Search code examples
rtime-seriesforecastinglmpredict

R - Determine goodness of fit of new data with predict function based on existing lm


I am trying to apply an existing model to a new data set. I try to explain it with an example. I am wondering what an elegant way to determine the goodness of the fit would look like.

Basically, I run a regression and obtain a model. With the summary function I obtain the usual output such as adjusted R-squared, p-value etc.

model.lm <- lm(Sepal.Length ~ Petal.Length, data = iris[1:75,])
summary(model.lm)

Now I want to run the predict function on new data and I am curious to know how the model performs on the new data.

pred.dat <- predict(model.lm, newdata = iris[76:150,])
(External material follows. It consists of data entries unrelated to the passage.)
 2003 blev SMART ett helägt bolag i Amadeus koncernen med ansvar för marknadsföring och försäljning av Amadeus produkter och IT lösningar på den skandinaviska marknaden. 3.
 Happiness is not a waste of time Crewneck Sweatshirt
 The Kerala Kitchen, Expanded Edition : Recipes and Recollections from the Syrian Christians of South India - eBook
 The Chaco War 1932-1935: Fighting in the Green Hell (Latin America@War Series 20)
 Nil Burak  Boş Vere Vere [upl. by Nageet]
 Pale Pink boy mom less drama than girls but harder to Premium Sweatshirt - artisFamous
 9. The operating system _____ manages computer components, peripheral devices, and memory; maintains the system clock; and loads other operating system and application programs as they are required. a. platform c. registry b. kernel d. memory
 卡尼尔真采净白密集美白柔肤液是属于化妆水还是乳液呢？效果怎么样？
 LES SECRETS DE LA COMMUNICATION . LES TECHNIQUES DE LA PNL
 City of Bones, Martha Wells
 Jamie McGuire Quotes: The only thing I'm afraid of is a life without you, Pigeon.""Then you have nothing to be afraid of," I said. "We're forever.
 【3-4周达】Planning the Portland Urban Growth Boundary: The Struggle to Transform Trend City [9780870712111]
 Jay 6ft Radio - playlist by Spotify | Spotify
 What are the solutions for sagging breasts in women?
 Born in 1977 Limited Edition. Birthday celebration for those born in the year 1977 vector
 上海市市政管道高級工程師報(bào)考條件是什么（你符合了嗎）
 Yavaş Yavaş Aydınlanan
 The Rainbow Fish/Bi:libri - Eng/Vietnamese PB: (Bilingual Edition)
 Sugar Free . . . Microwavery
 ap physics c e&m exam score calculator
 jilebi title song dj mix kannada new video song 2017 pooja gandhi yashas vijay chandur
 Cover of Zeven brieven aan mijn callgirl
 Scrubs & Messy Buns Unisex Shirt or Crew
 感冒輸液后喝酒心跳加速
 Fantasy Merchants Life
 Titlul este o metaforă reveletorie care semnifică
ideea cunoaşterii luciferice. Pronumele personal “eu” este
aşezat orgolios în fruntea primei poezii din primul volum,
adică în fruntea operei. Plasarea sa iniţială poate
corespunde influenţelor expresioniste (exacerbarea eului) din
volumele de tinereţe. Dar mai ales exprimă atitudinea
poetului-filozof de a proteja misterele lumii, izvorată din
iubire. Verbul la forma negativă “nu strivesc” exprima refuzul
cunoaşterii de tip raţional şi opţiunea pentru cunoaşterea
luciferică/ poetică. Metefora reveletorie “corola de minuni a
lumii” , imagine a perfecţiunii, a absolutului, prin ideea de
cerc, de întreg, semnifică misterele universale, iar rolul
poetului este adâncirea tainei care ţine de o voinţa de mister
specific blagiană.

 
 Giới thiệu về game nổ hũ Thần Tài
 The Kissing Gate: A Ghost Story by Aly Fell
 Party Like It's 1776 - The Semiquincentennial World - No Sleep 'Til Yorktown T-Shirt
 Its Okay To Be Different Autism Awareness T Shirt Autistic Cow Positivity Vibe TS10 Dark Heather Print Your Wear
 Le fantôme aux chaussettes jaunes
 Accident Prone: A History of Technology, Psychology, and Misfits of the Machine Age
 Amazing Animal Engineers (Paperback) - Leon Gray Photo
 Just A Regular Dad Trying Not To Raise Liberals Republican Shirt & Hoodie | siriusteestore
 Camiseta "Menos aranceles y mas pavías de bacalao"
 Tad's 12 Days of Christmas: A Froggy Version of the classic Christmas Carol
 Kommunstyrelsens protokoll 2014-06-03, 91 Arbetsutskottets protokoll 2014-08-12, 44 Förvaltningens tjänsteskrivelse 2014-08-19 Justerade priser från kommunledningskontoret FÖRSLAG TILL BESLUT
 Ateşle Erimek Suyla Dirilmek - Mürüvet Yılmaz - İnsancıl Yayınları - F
I wanted to ask how I can for instance get an adjusted R-squared for the predicted values with the new data. For instance, is there something similar like the summary function? Ideally, I would like to find out what the best practice of obtaining the goodness of fit of a an existing model based on new data looks like.

Many thanks


Solution

  • You can translate the formula of R-squared into a function, such as:

    r_squared <- function(vals, preds) {
      1 - (sum((vals - preds)^2) / sum((vals - mean(preds))^2))
    }
    # Test
    > r_squared(iris[76:150,]$Sepal.Length, pred.dat)
    #[1] 0.5675686
    

    Building upon this function, and using the correct formula we can also define adjusted R-squared as:

    r_squared_a <- function(vals, preds, k) {
      1 - ((1-r_squared(vals, preds))*(length(preds)-1))/(length(preds) - k - 1)
    }
    

    Where k is the number of predictors, thus:

    > r_squared_a(iris[76:150,]$Sepal.Length, pred.dat, 1)
    #[1] 0.5616448